**Information given:**
※ ※ ※
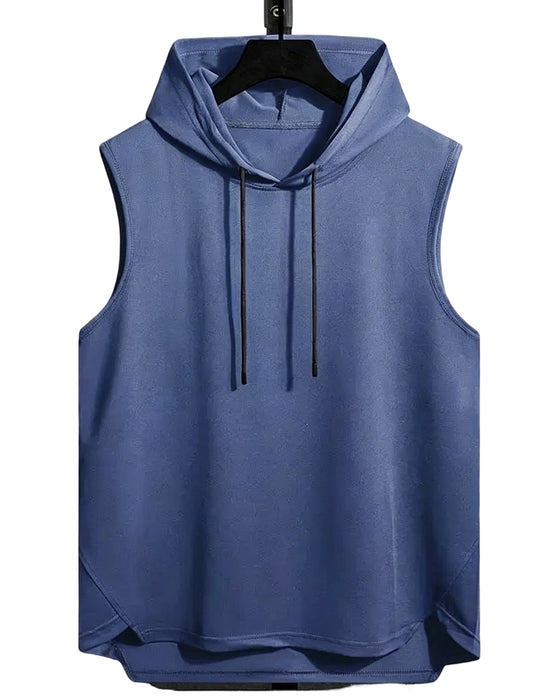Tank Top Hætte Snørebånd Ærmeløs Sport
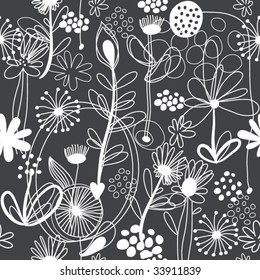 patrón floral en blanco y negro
※ ※ ※
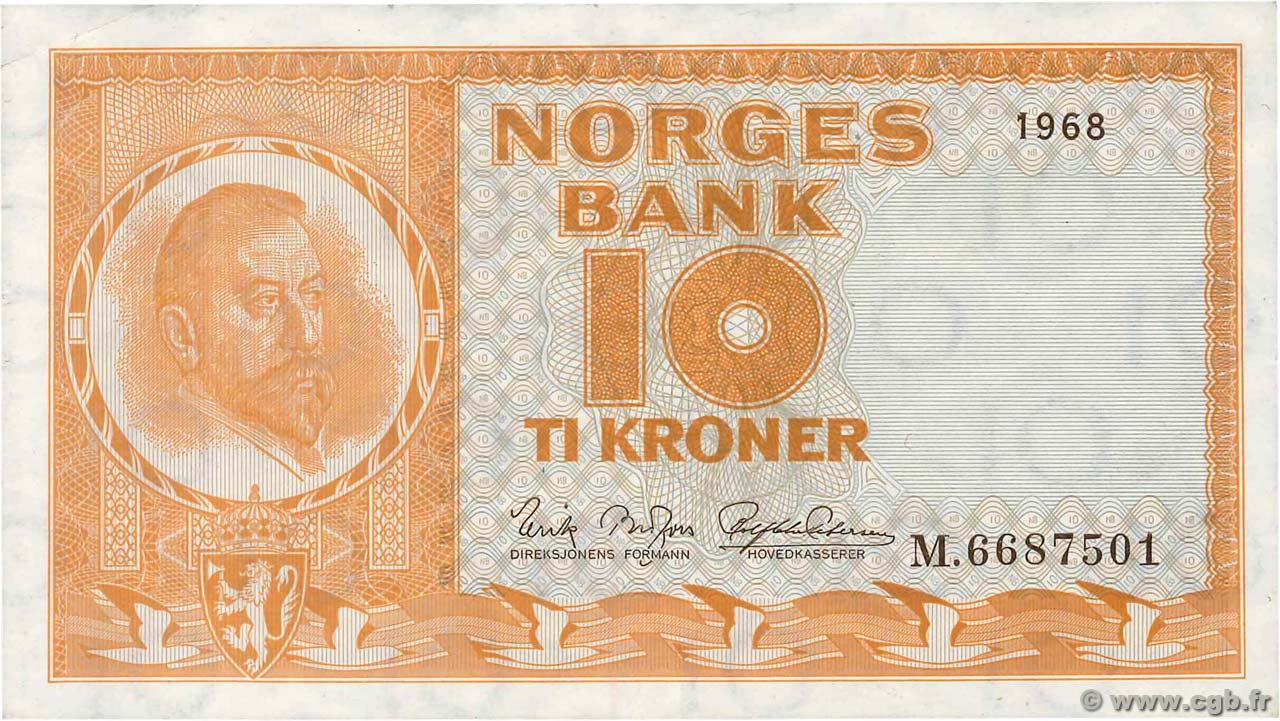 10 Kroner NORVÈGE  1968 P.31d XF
※ ※ ※
**What needs to be done:** Write out, word for word, the stretch of entries that begins at the line with "Tank Top Hætte Snørebånd Ærmeløs Sport" and ends at the line with "patrón floral en blanco y negro". Pictures do not belong in it.

**Task response:**
Tank Top Hætte Snørebånd Ærmeløs Sport
 patrón floral en blanco y negro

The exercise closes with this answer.